• [Problem requirements]
From the line containing "Caixa-palete em PE" down to the line containing "Open Space in" in the records below, reproduce every line exactly, ends included, and omit all others.

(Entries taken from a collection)
● ● ●

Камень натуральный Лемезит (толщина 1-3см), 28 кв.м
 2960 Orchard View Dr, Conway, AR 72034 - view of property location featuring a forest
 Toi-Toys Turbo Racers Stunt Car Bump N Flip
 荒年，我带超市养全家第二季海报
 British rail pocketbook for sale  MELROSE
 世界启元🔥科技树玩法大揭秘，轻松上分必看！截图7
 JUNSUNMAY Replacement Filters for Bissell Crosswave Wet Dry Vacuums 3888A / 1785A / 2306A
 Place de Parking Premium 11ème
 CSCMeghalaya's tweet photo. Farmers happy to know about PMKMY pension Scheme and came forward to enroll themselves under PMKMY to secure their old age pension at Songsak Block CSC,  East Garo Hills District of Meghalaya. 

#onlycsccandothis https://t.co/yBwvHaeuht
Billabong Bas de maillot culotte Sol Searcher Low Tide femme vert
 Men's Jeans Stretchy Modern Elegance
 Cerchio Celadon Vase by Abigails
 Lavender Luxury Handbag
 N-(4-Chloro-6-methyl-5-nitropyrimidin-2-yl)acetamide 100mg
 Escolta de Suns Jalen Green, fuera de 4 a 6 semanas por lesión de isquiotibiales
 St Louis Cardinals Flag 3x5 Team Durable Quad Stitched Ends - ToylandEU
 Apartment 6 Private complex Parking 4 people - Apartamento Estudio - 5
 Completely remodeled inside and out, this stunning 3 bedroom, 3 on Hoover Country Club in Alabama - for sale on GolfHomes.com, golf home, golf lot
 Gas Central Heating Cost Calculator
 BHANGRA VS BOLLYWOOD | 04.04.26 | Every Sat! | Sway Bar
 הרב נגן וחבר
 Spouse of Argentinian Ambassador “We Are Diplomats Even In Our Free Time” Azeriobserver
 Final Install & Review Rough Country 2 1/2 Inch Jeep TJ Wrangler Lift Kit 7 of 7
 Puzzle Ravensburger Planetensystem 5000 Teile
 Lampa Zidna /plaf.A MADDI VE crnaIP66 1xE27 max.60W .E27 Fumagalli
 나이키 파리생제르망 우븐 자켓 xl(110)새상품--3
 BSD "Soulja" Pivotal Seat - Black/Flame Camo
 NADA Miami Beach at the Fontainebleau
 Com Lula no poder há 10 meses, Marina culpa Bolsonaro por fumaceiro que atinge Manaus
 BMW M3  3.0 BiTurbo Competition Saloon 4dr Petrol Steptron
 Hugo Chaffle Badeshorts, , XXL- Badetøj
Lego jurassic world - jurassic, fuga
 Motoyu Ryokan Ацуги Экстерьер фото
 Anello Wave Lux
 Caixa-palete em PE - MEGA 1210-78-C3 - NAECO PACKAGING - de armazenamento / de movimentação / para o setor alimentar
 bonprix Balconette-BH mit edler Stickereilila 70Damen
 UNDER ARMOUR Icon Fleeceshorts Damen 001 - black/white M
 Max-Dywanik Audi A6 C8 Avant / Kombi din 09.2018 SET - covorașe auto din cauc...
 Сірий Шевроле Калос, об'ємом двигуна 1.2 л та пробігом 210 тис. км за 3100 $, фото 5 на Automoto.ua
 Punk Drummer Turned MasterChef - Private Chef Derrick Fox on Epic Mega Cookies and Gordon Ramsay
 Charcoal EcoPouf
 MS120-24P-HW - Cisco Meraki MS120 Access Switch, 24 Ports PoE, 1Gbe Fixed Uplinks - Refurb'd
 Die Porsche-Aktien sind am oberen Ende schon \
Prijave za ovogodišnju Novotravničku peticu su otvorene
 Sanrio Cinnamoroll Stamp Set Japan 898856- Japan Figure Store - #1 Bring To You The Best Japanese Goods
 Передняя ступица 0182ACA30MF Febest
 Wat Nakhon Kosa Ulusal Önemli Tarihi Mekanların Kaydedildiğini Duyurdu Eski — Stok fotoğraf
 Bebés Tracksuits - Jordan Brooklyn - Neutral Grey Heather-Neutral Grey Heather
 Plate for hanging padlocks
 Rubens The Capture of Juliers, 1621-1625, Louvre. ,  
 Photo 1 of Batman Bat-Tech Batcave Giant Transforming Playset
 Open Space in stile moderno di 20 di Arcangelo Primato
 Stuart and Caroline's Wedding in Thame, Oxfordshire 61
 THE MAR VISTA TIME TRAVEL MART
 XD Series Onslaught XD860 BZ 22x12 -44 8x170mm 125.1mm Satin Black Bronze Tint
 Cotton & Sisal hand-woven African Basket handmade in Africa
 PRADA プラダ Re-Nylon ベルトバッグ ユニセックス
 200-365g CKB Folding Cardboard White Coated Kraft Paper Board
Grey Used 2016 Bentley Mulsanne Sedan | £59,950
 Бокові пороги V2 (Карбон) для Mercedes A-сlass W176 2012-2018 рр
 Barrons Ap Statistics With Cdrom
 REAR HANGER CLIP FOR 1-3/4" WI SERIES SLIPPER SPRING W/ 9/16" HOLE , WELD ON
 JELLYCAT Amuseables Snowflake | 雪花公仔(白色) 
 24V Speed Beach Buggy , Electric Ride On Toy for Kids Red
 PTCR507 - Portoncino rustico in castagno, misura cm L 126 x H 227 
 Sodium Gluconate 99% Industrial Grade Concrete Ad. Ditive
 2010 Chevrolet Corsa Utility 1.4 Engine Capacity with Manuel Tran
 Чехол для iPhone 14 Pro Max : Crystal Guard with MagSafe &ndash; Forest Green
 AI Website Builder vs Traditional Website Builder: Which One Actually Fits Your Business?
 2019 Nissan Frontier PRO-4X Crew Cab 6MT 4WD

● ● ●

• [Answer area]
 Caixa-palete em PE - MEGA 1210-78-C3 - NAECO PACKAGING - de armazenamento / de movimentação / para o setor alimentar
 bonprix Balconette-BH mit edler Stickereilila 70Damen
 UNDER ARMOUR Icon Fleeceshorts Damen 001 - black/white M
 Max-Dywanik Audi A6 C8 Avant / Kombi din 09.2018 SET - covorașe auto din cauc...
 Сірий Шевроле Калос, об'ємом двигуна 1.2 л та пробігом 210 тис. км за 3100 $, фото 5 на Automoto.ua
 Punk Drummer Turned MasterChef - Private Chef Derrick Fox on Epic Mega Cookies and Gordon Ramsay
 Charcoal EcoPouf
 MS120-24P-HW - Cisco Meraki MS120 Access Switch, 24 Ports PoE, 1Gbe Fixed Uplinks - Refurb'd
 Die Porsche-Aktien sind am oberen Ende schon \
Prijave za ovogodišnju Novotravničku peticu su otvorene
 Sanrio Cinnamoroll Stamp Set Japan 898856- Japan Figure Store - #1 Bring To You The Best Japanese Goods
 Передняя ступица 0182ACA30MF Febest
 Wat Nakhon Kosa Ulusal Önemli Tarihi Mekanların Kaydedildiğini Duyurdu Eski — Stok fotoğraf
 Bebés Tracksuits - Jordan Brooklyn - Neutral Grey Heather-Neutral Grey Heather
 Plate for hanging padlocks
 Rubens The Capture of Juliers, 1621-1625, Louvre. ,  
 Photo 1 of Batman Bat-Tech Batcave Giant Transforming Playset
 Open Space in stile moderno di 20 di Arcangelo Primato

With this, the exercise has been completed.